JPMorgan Chase & Co. Chief Executive Officer Jamie Dimon may give investors “a better explanation” of how the bank lost $2 billion on trading and whether the dividend is safe when he appears at an investor conference later today, according to Citigroup Inc. analysts.
“A lot of investors’ concerns have gotten to extreme levels,” wrote Citigroup’s Keith Horowitz in a note to clients. Dimon’s presentation may include “we would hope a very clear statement that dividend is not at risk and that buybacks are still expected in 2012.”
Citigroup called New York-based JPMorgan, the biggest U.S. bank by assets, an “absolute buy,” saying that estimates on the ultimate size of the trading loss “are getting a bit carried away.” A dividend cut is very unlikely, Horowitz wrote.

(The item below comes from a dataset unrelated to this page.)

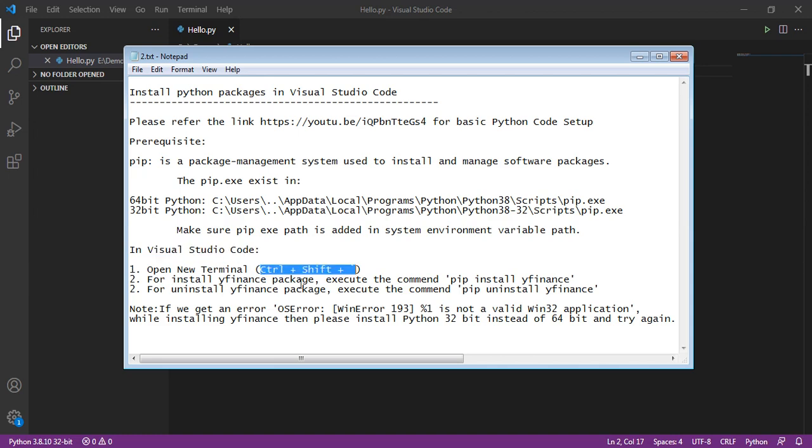In that, execute the command pip install yfinance for installing the package yfinance. Then, if you want to uninstall the yfinance package,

Dimon is scheduled to speak at 9:30 a.m. New York time at a conference sponsored by Deutsche Bank AG in lower Manhattan. He’s under pressure from investors and regulators to explain how the bank’s chief investment office, which is assigned to manage excess cash while minimizing risk, wound up with a $2 billion loss from trades in illiquid credit derivatives.
Dimon announced the loss May 10 and said it could expand in coming weeks. He assailed the bank’s handling of trading in credit derivatives as “flawed, complex, poorly reviewed, poorly executed and poorly monitored.”